The graph regression task is analogous to Logistic regression and logistic classification. It has a different loss function and performance metric that focuses on regressing a particular variable against the available graph structure rather than classification.
The task of learning representations from the graph structure involves creating low dimensional embedding for nodes of the graph. The goal is that the nodes which are similar should be closer in the low-dimensional Euclidean space. This task is depicted in the image below.
-> Graph Embedding — Representation Learning on Networks <-
We talk about two basic approaches for node embedding. (1) Classical "shallow" methods, and (2) Neural-Network based methods.
The typical characteristic of shallow embedding methods is that the encoder grows in size linearly with the number of nodes in the graph. The retrieval of node embedding is essentially a table lookup. Hence, the name "shallow".
Considering the simplest shallow encoding scheme as shown in the image below:
-> Shallow Embedder <-
The task of learning shallow node embeddings typically involves three steps:
1. Define an encoder that maps nodes to embedding.
ENC(v) = Z.v;
where $Z \epsilon R^{d \times |\nu|}, |\nu|$ is the number of nodes in the graph, $v$ is the one-hot encoded vector for any node in the graph.
2. Define a function that measures the similarity between two nodes, i.e, $similarity(u, v)$.
3. Optimize the parameters of the encoder such that $similarity(u, v) \approx z_v^T.z_u$
There are other such shallow encoding based approaches such as Node2Vec, DeepWalk, and LINE. However, there are some inherent problems with such approaches:
The size of the encoder is $\Omicron (|V|)$ which impacts scalability for large graphs with many nodes.

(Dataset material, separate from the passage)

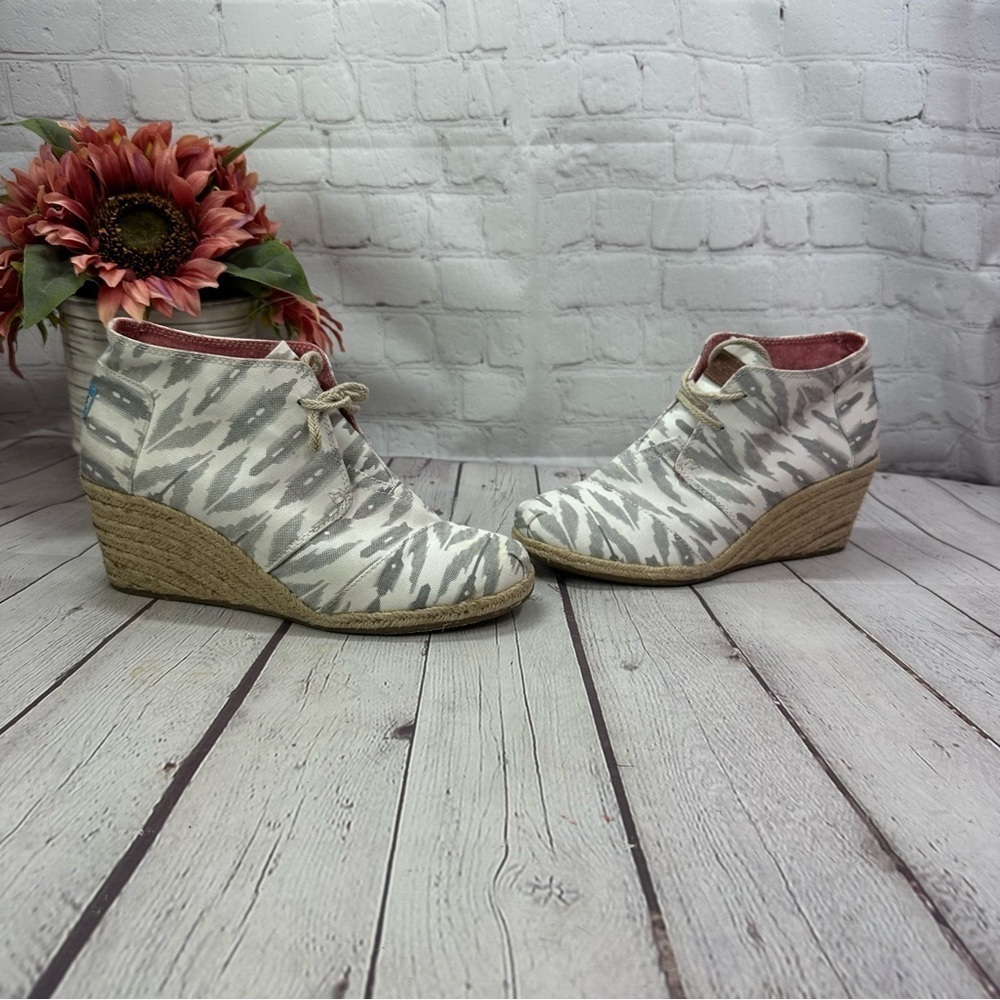 Toms Women's desert Wedge grey ikat canvas Shoes booties sz 8.5 boho southwest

It is difficult to define the similarity metric based on which the parameters of the encoder are to be optimized. If we calculate the similarity metric based on the neighboring nodes, the scope of the metric would limit embedding to simply aggregating closest neighbors and increasing the coverage would lead to an increase in the complexity of calculation.
Such shallow embedding methods can only work for nodes that are present in the graph during training. Thus, making it unusable during testing when the graph is updated.
These methods do incorporate node features which could be instrumental for certain tasks.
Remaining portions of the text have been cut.